Presiden Turki, Recep Tayyip Erdogan saat menghadiri acara di Stadion Nef (instagram.com/rterdogan)
Merujuk tulisan Daghar Irak berjudul "Football in Turkey During the Erdoğan Regime" dalam jurnal Soccer & Society, sejak Justice and Development Party (AKP) yang menaungi Recep Tayyip Erdogan memenangi pemilu, mereka dengan sistematis melakukan berbagai cara untuk membungkam kritik dan membatasi pergerakan oposisi. Termasuk dalam sepak bola yang sejak lama jadi panggung politik untuk beberapa tokoh dan komunitas penggemar.
Kecenderungan tersebut akhirnya termanifestasi secara legal lewat referendum konstitusi tahun 2010. Sejak saat itu, keterlibatan pemerintah dalam berbagai aspek kehidupan warga Turki makin besar, tak terkecuali dalam mempengaruhi keputusan-keputusan yang diambil Turkish Football Federation (TFF).
Berbagai terobosan kebijakan yang diambil TFF berdasarkan rekomendasi pemerintah pun menuai kontra, terutama dari kalangan sekuler dan antipemerintah.
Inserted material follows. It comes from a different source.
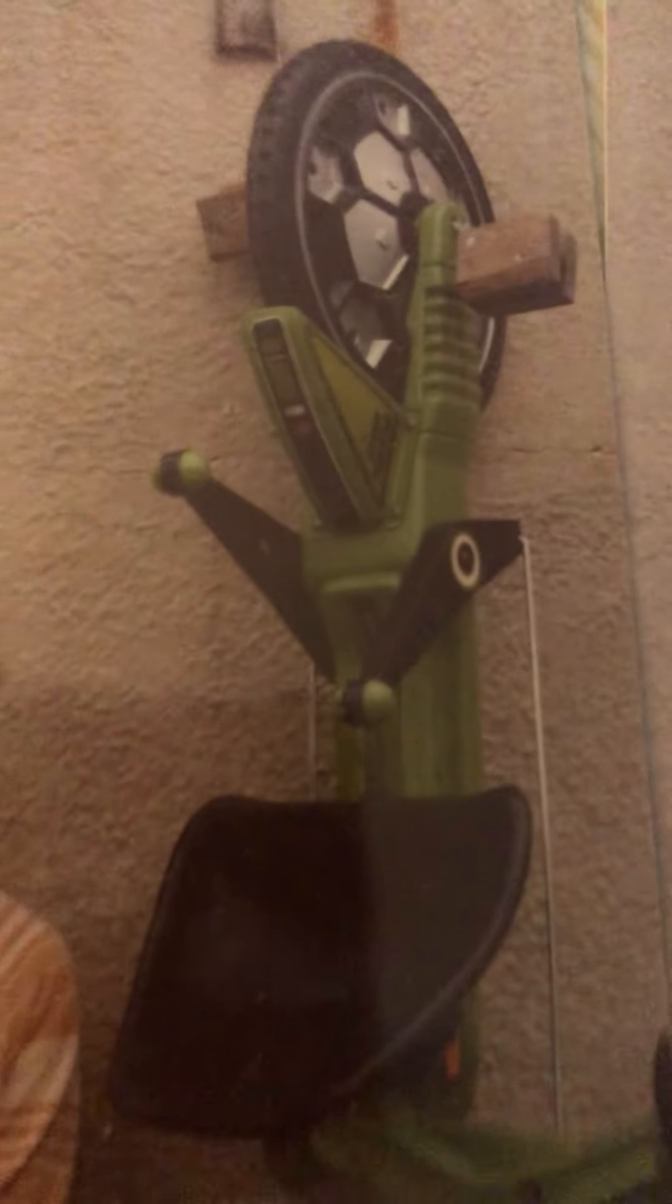This was my green machine. It's a big wheel. It's very hard to ride.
Misalnya saja restriksi penjualan miras, sanksi lebih berat untuk perusuh, sampai penetapan skema penjualan tiket baru (Passolig) yang dipercaya dilakukan untuk mengumpulkan data pribadi penggemar guna menyaring kelompok-kelompok antipemerintah.
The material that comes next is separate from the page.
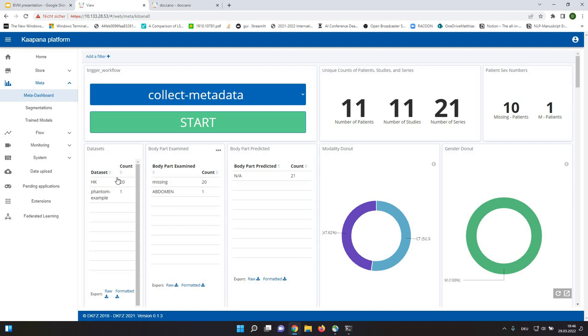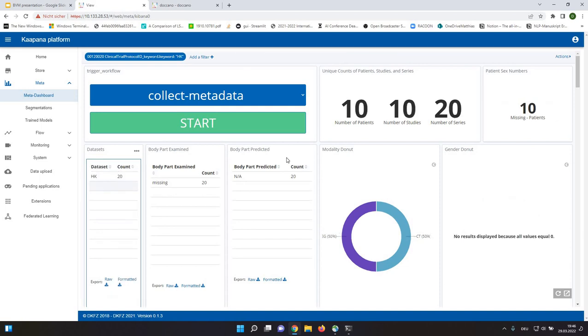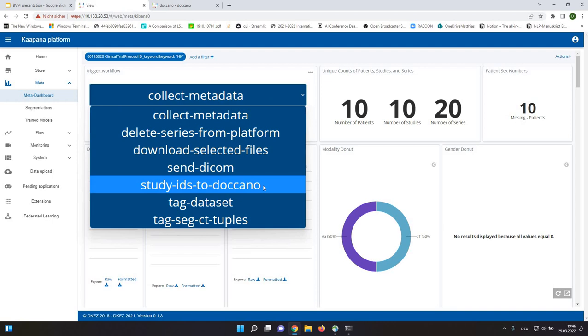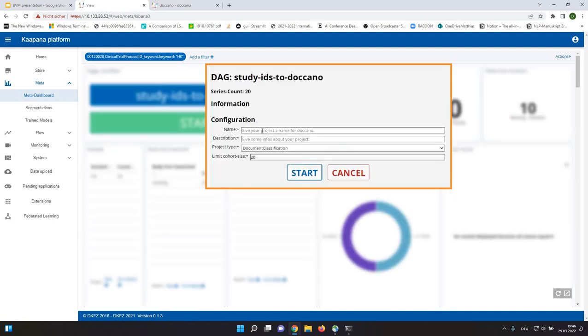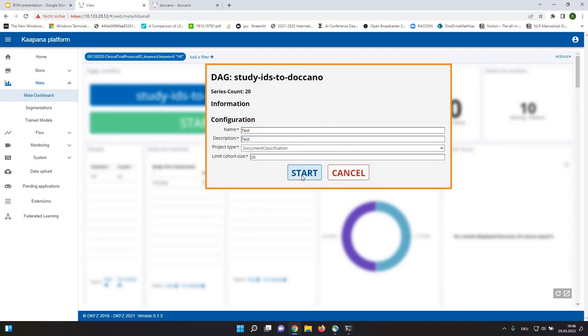I have sent already a dataset with a tag HK to this platform. And now I will execute our workflow called StudyIDs to Docano. And this workflow will create a project in Docano.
TFF dan pemerintah sendiri berargumen kebijakan-kebijakan tersebut ditetapkan dengan tujuan mengurangi hooliganism dan aksi kekerasan dalam pertandingan sepak bola. Namun, ini justru direspons penggemar dengan menolak menonton pertandingan di stadion yang semakin memperparah kondisi keuangan klub.
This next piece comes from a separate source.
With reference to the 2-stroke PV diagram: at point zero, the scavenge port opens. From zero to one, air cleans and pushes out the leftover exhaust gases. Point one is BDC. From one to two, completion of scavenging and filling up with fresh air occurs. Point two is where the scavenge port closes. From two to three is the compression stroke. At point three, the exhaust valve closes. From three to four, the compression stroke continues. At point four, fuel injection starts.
Pemerintah dan TFF juga sempat memenjarakan beberapa petinggi klub karena kasus pengaturan skor. Namun, dalam prosesnya, hasil persidangannya selalu bergantung pada kedekatan pihak-pihak yang bersangkutan dengan AKP dan Erdogan. Tak heran bila beberapa petinggi klub bisa bebas melakukan berbagai pelanggaran dan aksi tak disiplin karena absennya sanksi yang jelas.